• WORK ORDER
Take the lines from the line containing "FEBBEKAK. lichtblauw rompertje" through the end of the entries and output them exactly, with no pictures and nothing more.

Excerpts from a dataset:
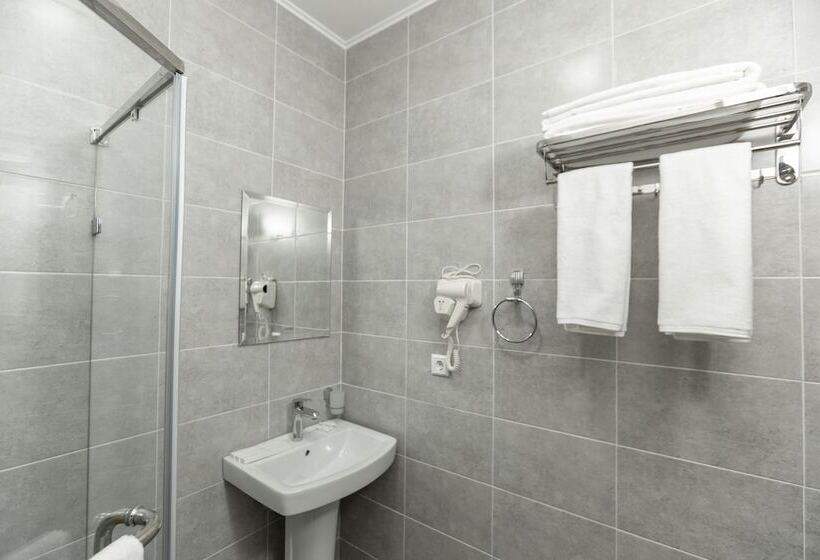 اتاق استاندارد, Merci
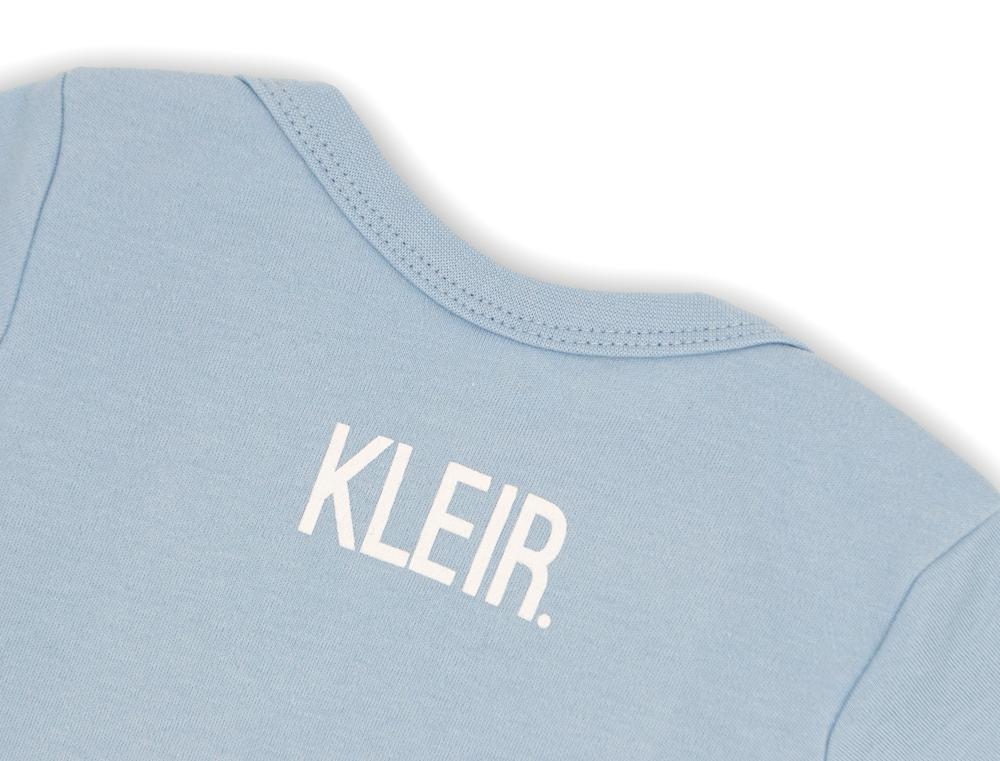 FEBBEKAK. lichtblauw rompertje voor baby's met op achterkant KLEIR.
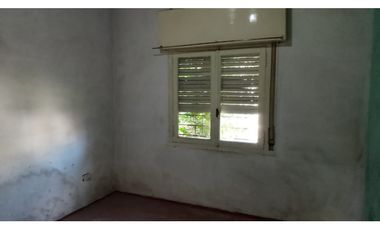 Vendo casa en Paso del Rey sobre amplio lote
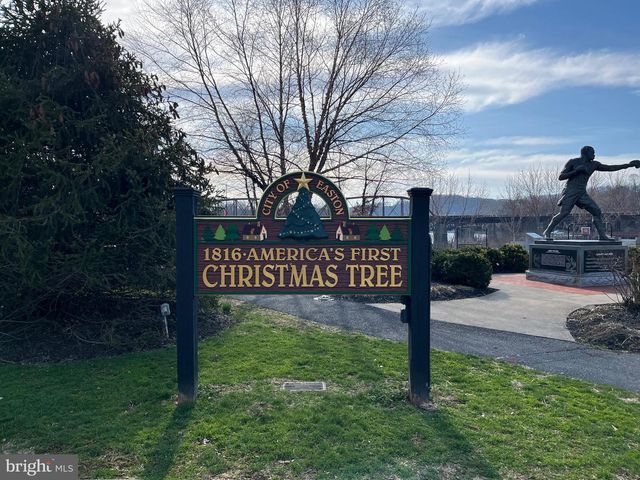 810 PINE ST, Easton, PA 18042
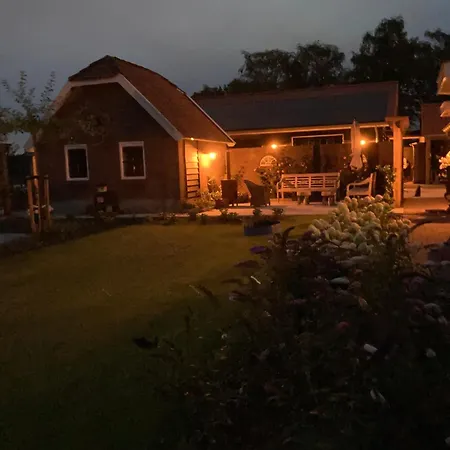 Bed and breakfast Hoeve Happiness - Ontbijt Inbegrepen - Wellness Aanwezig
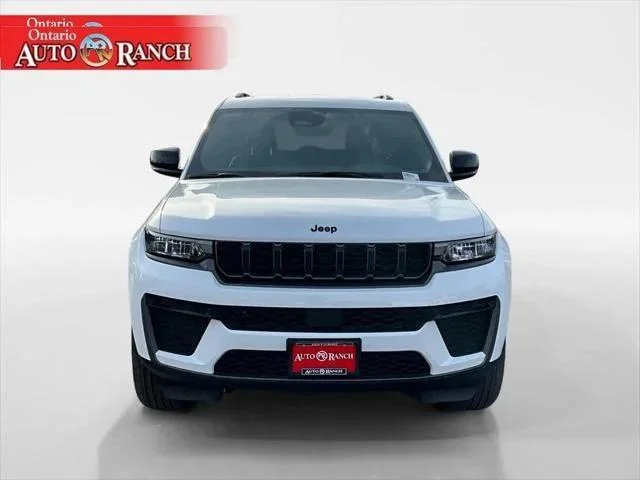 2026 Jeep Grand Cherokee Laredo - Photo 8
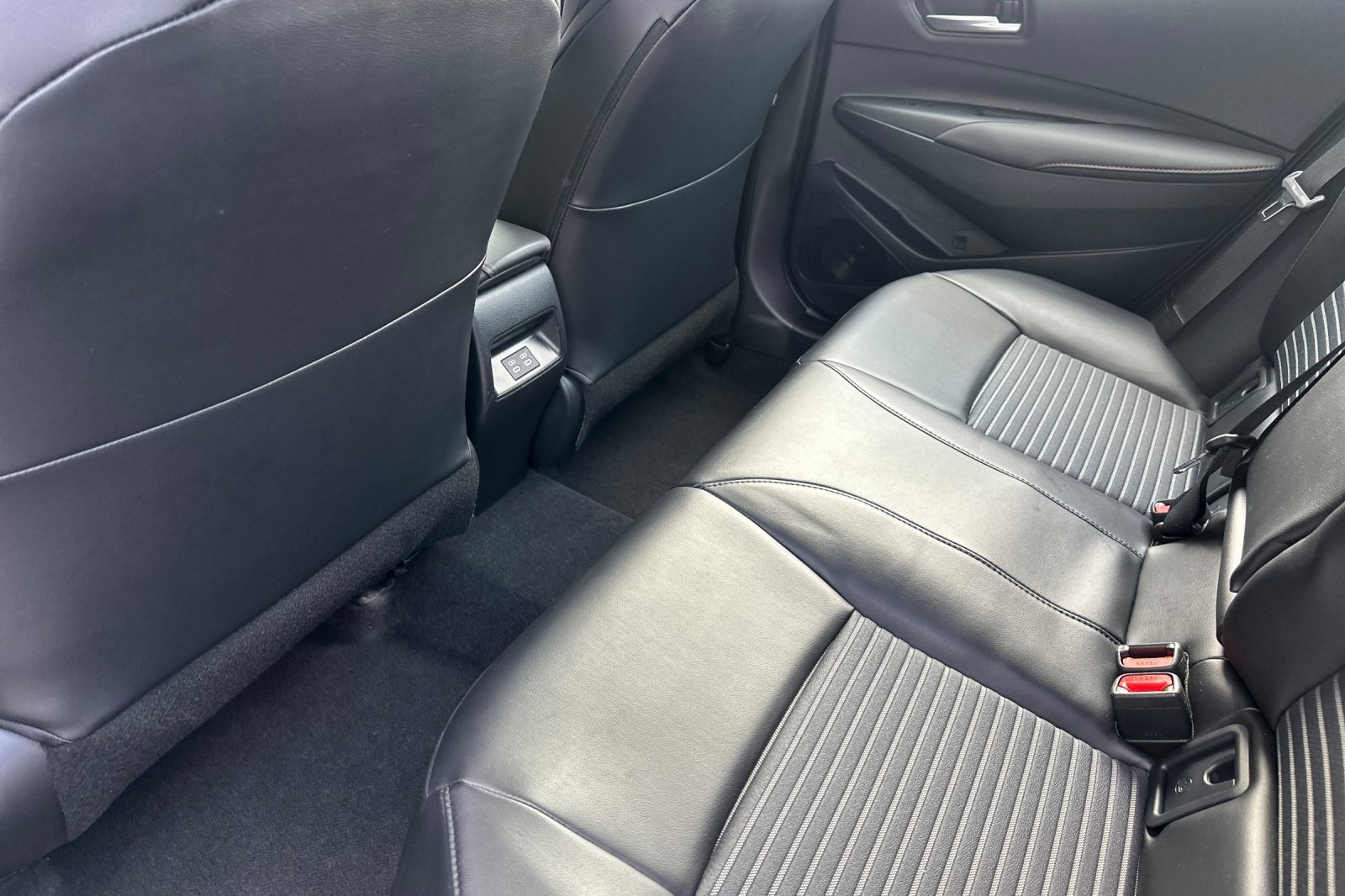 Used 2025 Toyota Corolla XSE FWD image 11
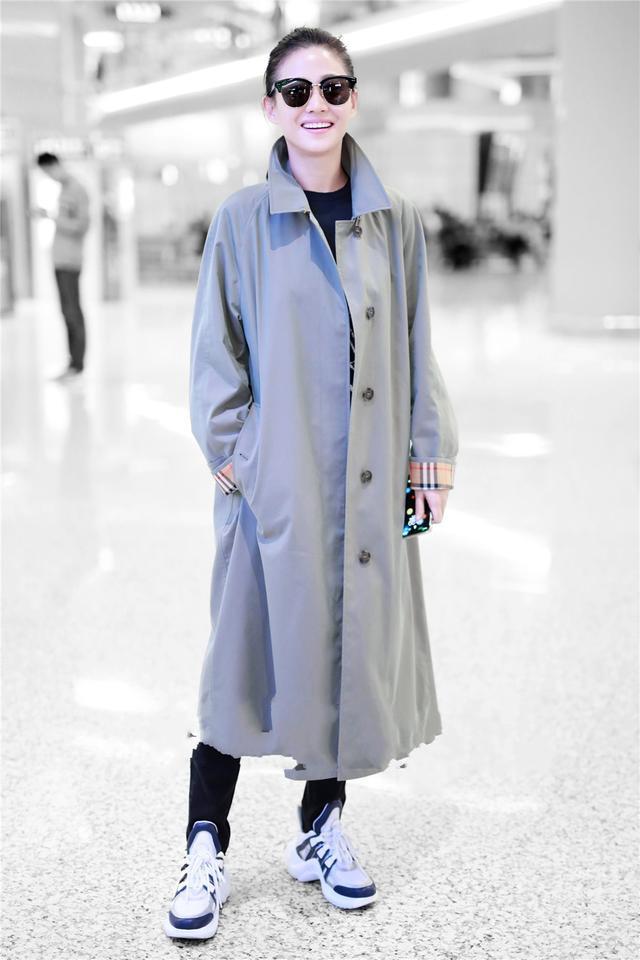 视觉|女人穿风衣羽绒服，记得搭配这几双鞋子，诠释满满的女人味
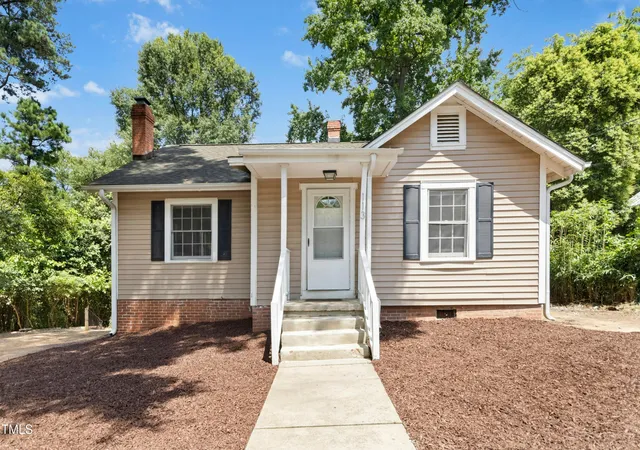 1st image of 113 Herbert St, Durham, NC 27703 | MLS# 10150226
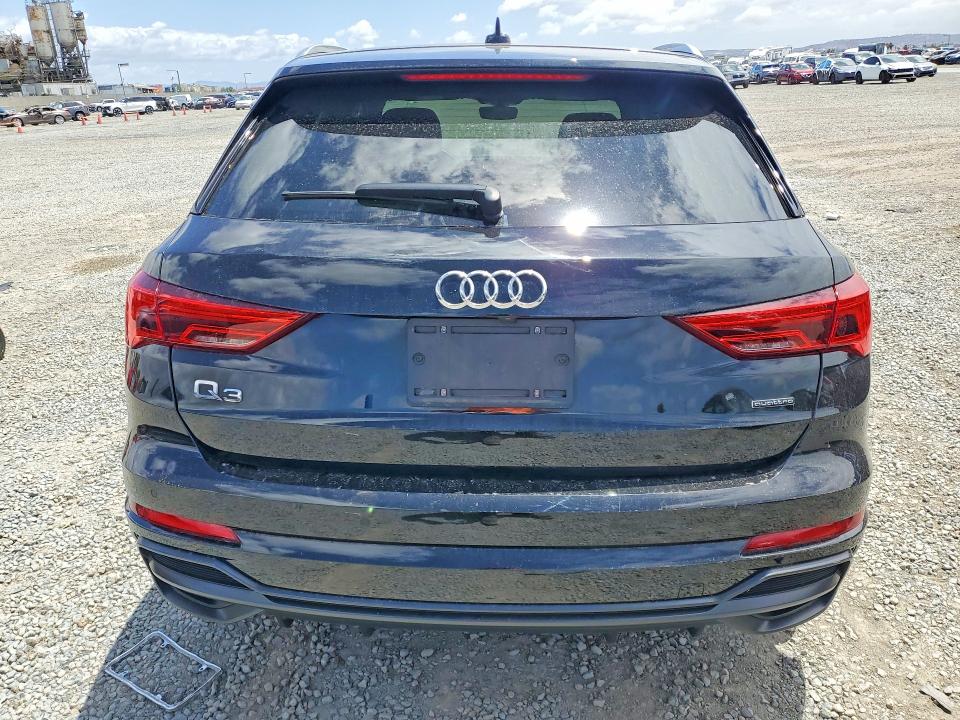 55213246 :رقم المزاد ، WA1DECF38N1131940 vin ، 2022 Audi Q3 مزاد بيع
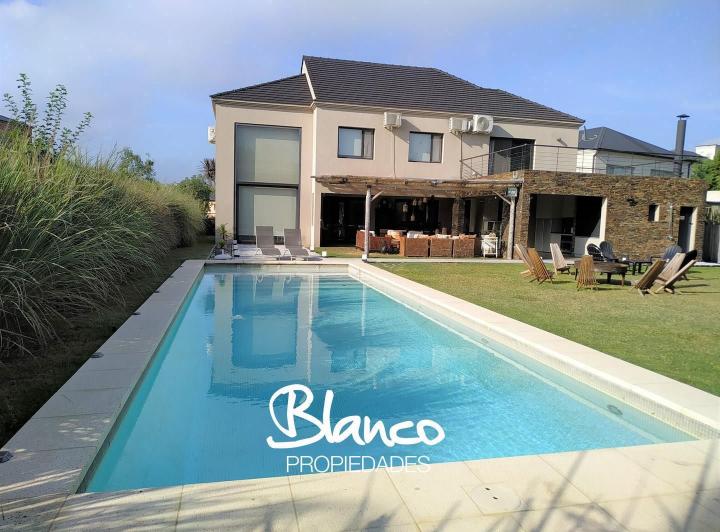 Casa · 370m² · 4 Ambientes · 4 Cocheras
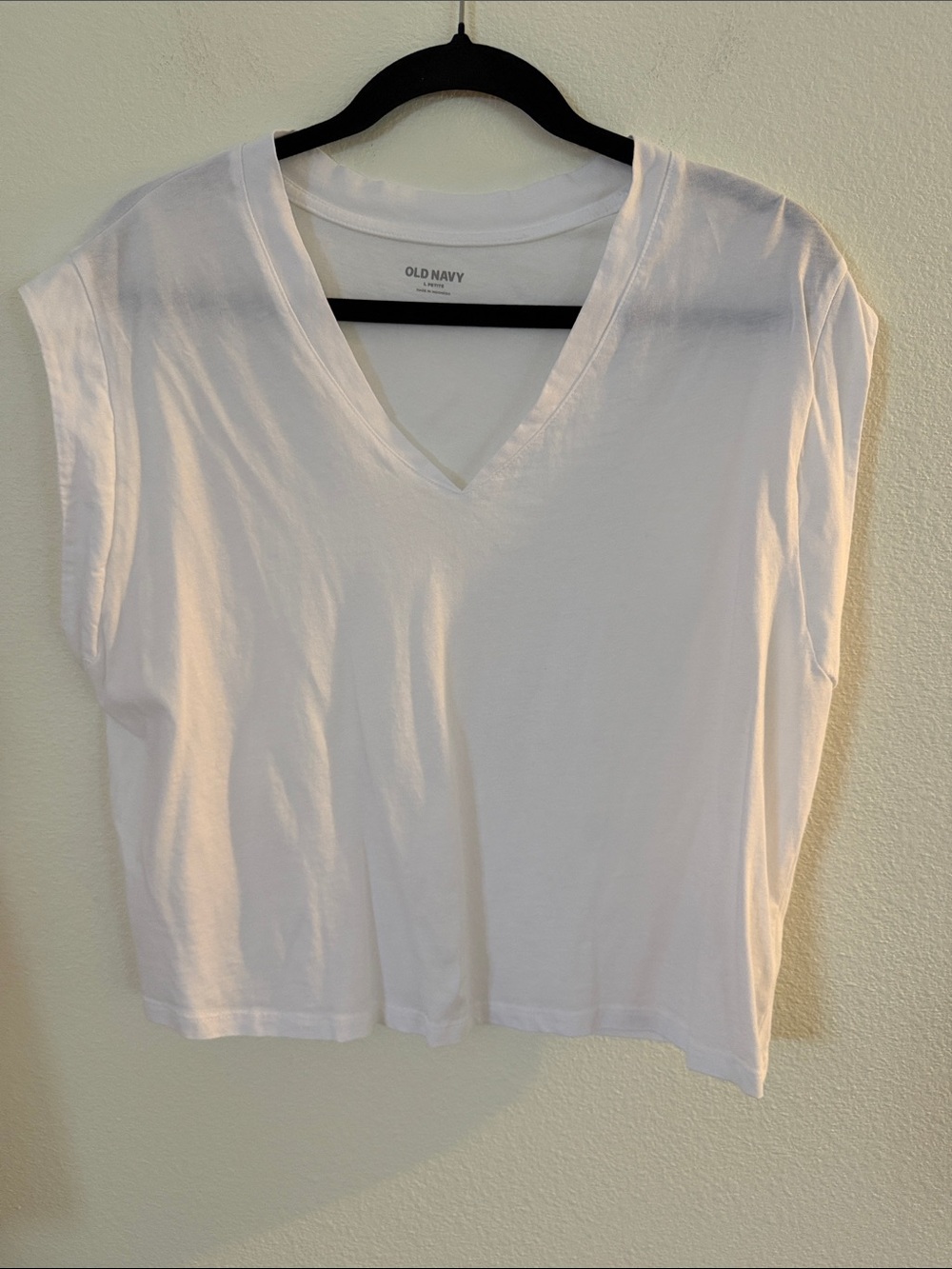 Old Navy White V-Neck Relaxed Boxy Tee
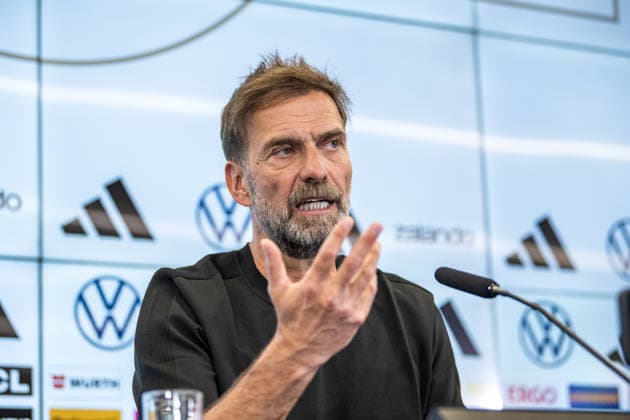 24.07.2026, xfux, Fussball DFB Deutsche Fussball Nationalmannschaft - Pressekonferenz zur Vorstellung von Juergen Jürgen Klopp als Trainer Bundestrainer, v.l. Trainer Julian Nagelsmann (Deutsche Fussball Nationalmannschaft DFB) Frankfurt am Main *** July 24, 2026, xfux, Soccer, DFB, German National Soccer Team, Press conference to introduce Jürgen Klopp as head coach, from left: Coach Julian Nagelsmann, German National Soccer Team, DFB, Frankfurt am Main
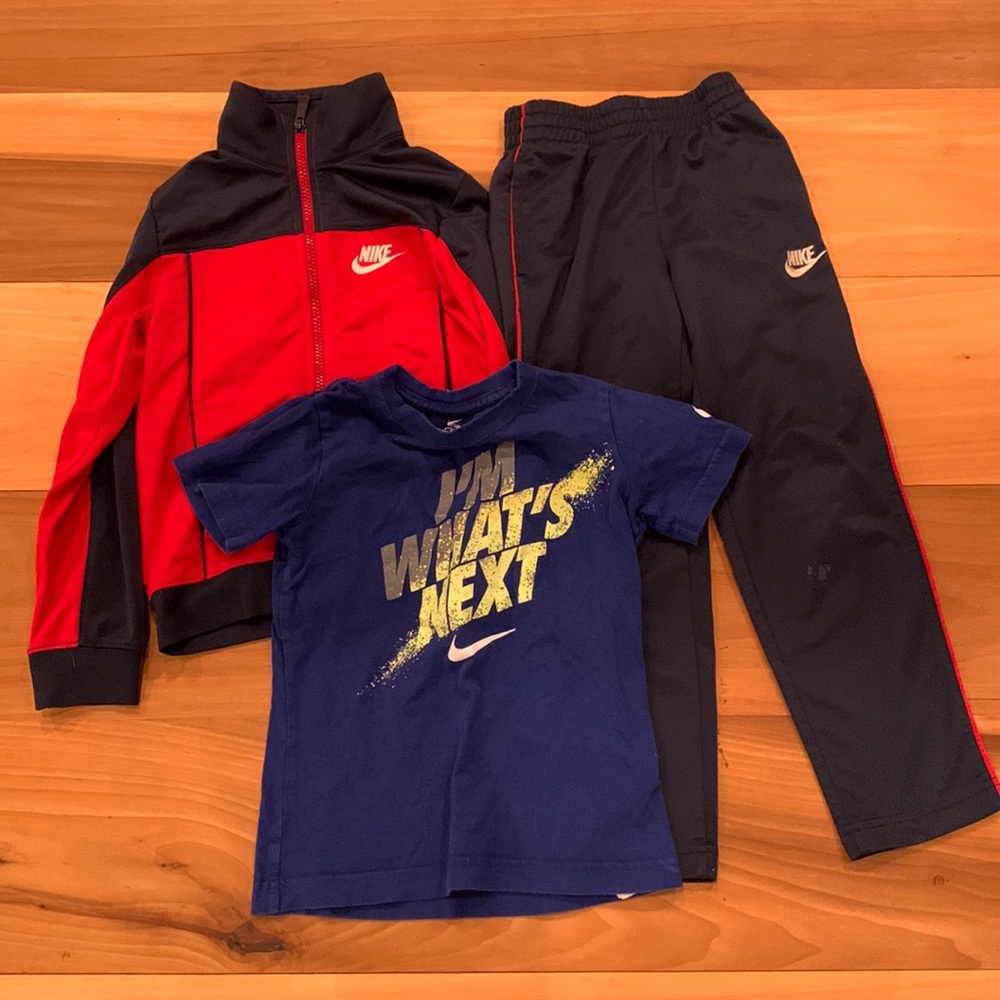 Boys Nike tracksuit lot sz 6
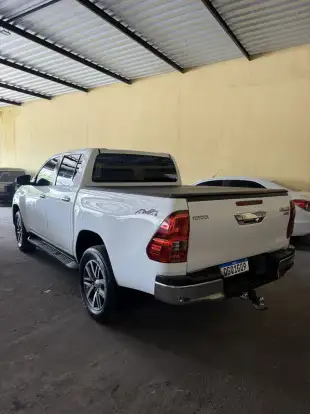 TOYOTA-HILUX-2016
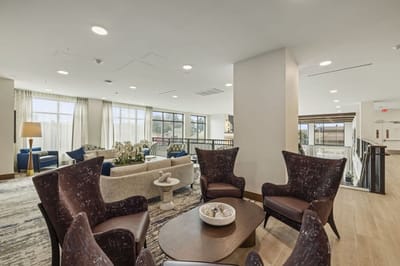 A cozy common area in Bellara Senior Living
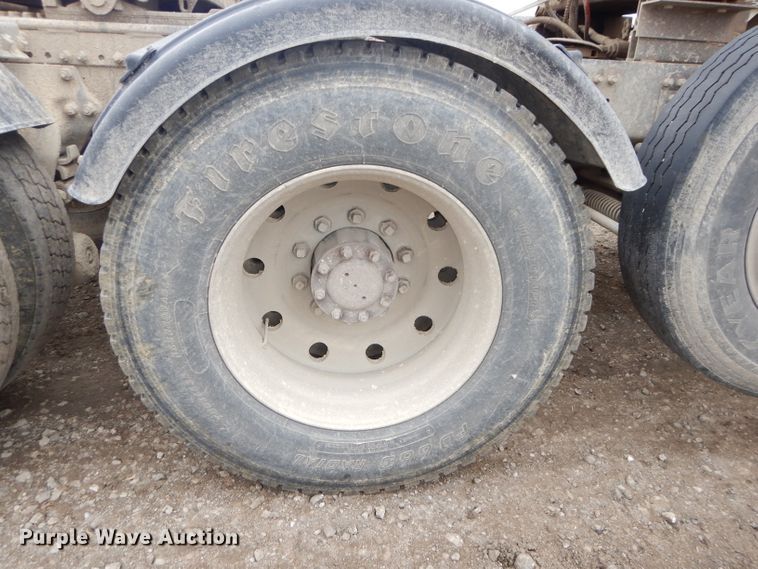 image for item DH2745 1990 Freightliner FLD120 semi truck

• EXPECTED ANSWER
 FEBBEKAK. lichtblauw rompertje voor baby's met op achterkant KLEIR.
 Vendo casa en Paso del Rey sobre amplio lote
 810 PINE ST, Easton, PA 18042
 Bed and breakfast Hoeve Happiness - Ontbijt Inbegrepen - Wellness Aanwezig
 2026 Jeep Grand Cherokee Laredo - Photo 8
 Used 2025 Toyota Corolla XSE FWD image 11
 视觉|女人穿风衣羽绒服，记得搭配这几双鞋子，诠释满满的女人味
 1st image of 113 Herbert St, Durham, NC 27703 | MLS# 10150226
 55213246 :رقم المزاد ، WA1DECF38N1131940 vin ، 2022 Audi Q3 مزاد بيع
 Casa · 370m² · 4 Ambientes · 4 Cocheras
 Old Navy White V-Neck Relaxed Boxy Tee
 24.07.2026, xfux, Fussball DFB Deutsche Fussball Nationalmannschaft - Pressekonferenz zur Vorstellung von Juergen Jürgen Klopp als Trainer Bundestrainer, v.l. Trainer Julian Nagelsmann (Deutsche Fussball Nationalmannschaft DFB) Frankfurt am Main *** July 24, 2026, xfux, Soccer, DFB, German National Soccer Team, Press conference to introduce Jürgen Klopp as head coach, from left: Coach Julian Nagelsmann, German National Soccer Team, DFB, Frankfurt am Main
 Boys Nike tracksuit lot sz 6
 TOYOTA-HILUX-2016
 A cozy common area in Bellara Senior Living
 image for item DH2745 1990 Freightliner FLD120 semi truck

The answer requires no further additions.